From September 14 to 16, 2022, Chinese President and General Secretary of the Chinese Communist Party Xi Jinping attends the 22nd meeting of the Council of Heads of State of the Shanghai Cooperation Organization (SCO) member states in Samarkand, and pay state visits to Kazakhstan and Uzbekistan at the invitation of the Kazakh President Kassym-Jomart Tokayev and Uzbek President Shavkat Mirziyoyev.

Ding Xuexiang, the Secretary of the Secretariat of the CCP Central Committee and Director of the General Office of the CCP Central Committee, Yang Jiechi, Director of the Office of the CCP Central Foreign Affairs Commission, Wang Yi, State Councilor and Minister of Foreign Affairs, He Lifeng, Vice-chairman of the National Committee of the Chinese People's Political Consultative Conference (CPPCC) and the Chairman of the National Development and Reform Commission (NDRC), and other officials arrived on the same flight.

== Meeting ==
=== Kazakhstan ===
On September 14, Xi Jinping arrived in Nur-Sultan. The President of Kazakhstan Kassym-Jomart Tokayev greeted him at the airport.

President Tokaev held a welcoming ceremony for Xi Jinping in the hall of the Presidential Palace of Kazakhstan. Later, President Tokaev invited President Xi to visit the art exhibition "Kazakhstan-China: A Dialogue Across Millennium". The two sides held official talks on the 30th anniversary of the establishment of diplomatic relations between China and Kazakhstan, and signed and issued the Joint Declaration on the 30th Anniversary of the Establishment of Diplomatic Relations between the People's Republic of China and the Republic of Kazakhstan, announcing that they will work for the goals and visions of China and Kazakhstan to build a community of destiny that is characterized by inter-generational friendship, a high degree of mutual trust and solidarity. The relevant departments of the two countries signed a number of bilateral cooperation documents in the fields of economy and trade, connectivity, finance, water conservancy and news media. The two sides decided to open consulates general in Xi'an and Aktobe.
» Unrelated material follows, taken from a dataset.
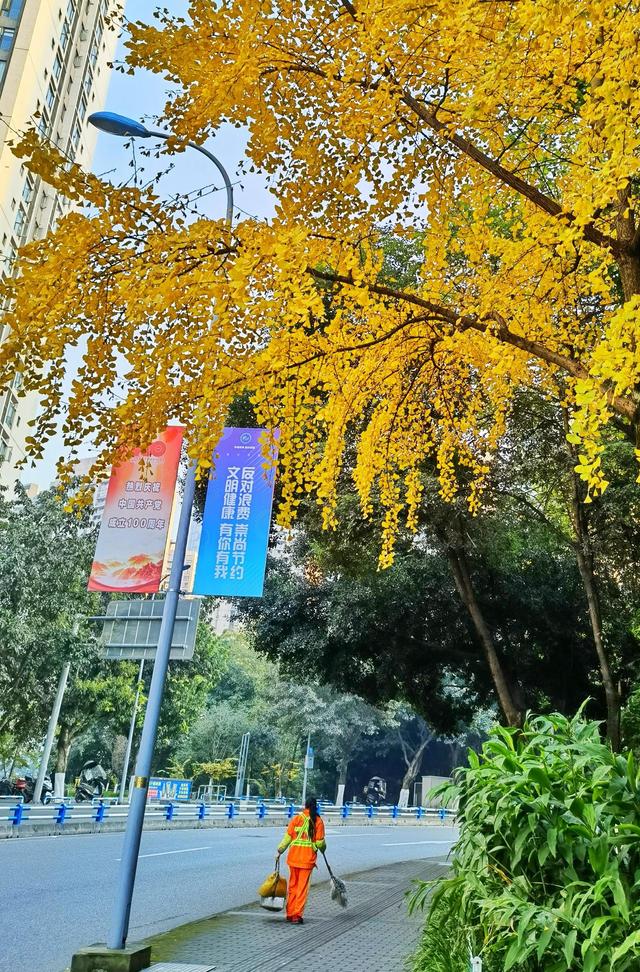 文章图片2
On the afternoon of September 14, Xi Jinping received the Order of the Golden Eagle from President Tokayev of Kazakhstan at the Akorda Residence. After the luncheon, President Xi ended his state visit to Kazakhstan and left Nursultan for Samarkand.

=== Uzbekistan ===
On the evening of September 14, Xi Jinping arrived in Samarkand and was greeted at the airport by Uzbek President Shavkat Mirziyoyev, Government Prime Minister Abdulla Aripov, Foreign Minister Vladimir Norov, Samarkand Governor Erkinjon Turdimov and other senior officials.
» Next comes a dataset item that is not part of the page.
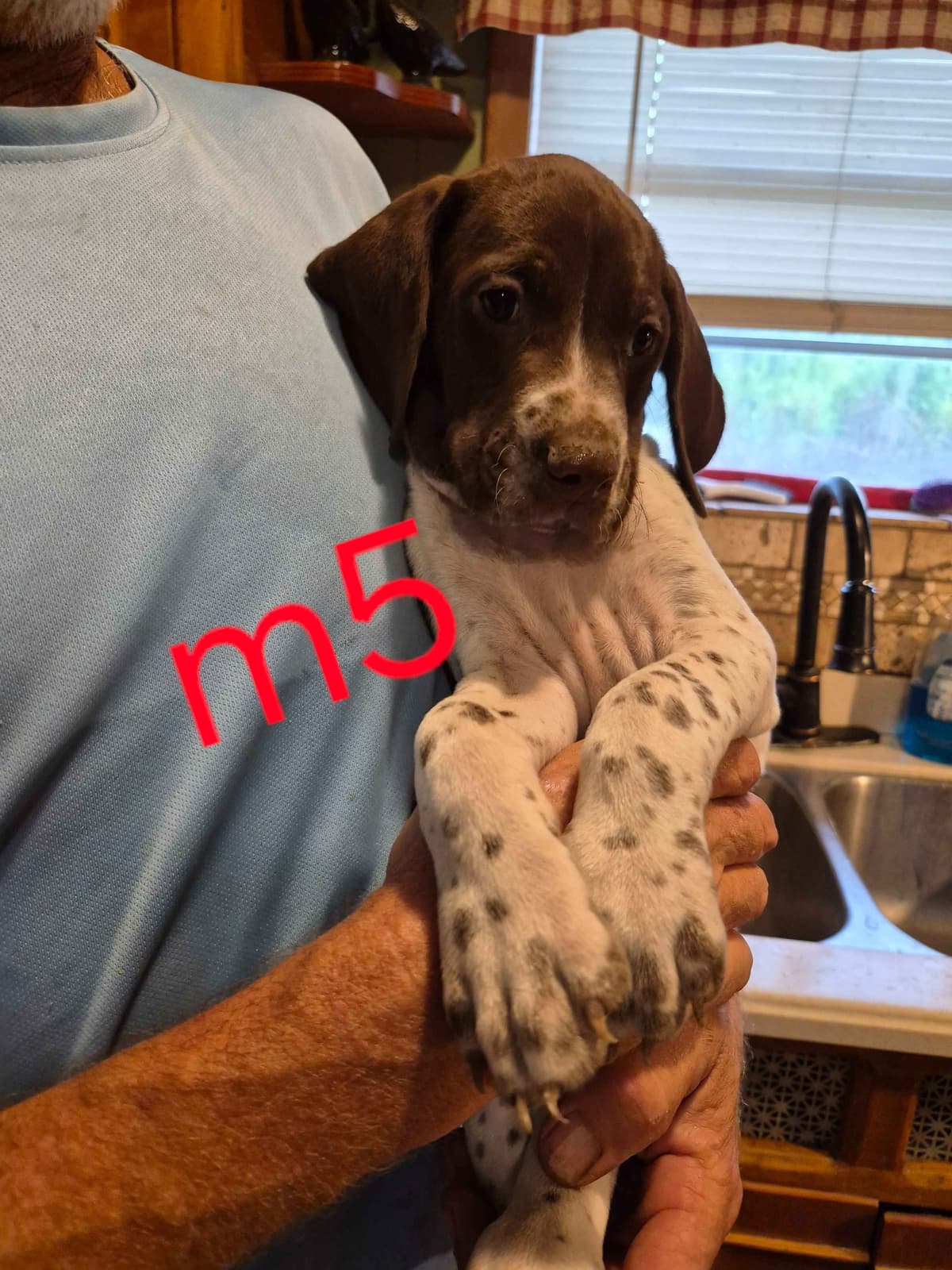 German Shorthaired Pointer Puppies - READY NOW FOR NEW HOMES!!!!! breeder image 3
On September 15, Xi Jinping met with President Mirziyoyev of Uzbekistan in Samarkand. The two heads of State declared that, with a view to the long-term development of Uzbek relations and the future well-being of the peoples of the two countries, the two sides would expand mutually beneficial cooperation, consolidate their friendship and partnership. After the talks, the two heads of state signed and issued the Joint Declaration of the People's Republic of China and the Republic of Uzbekistan. China and Uzbekistan signed a number of cooperation documents in agriculture, digital economy, green development, culture, localities, media and other fields. During the visit, China, Kyrgyzstan and Uzbekistan signed a Memorandum of Understanding on Cooperation on the China-Kyrgyzstan-Uzbekistan Railway Construction Project (Kyrgyzstan Section). President Xi was awarded the Order of Friendship by President Mirziyoyev of Uzbekistan at the Samarkand International Conference Center.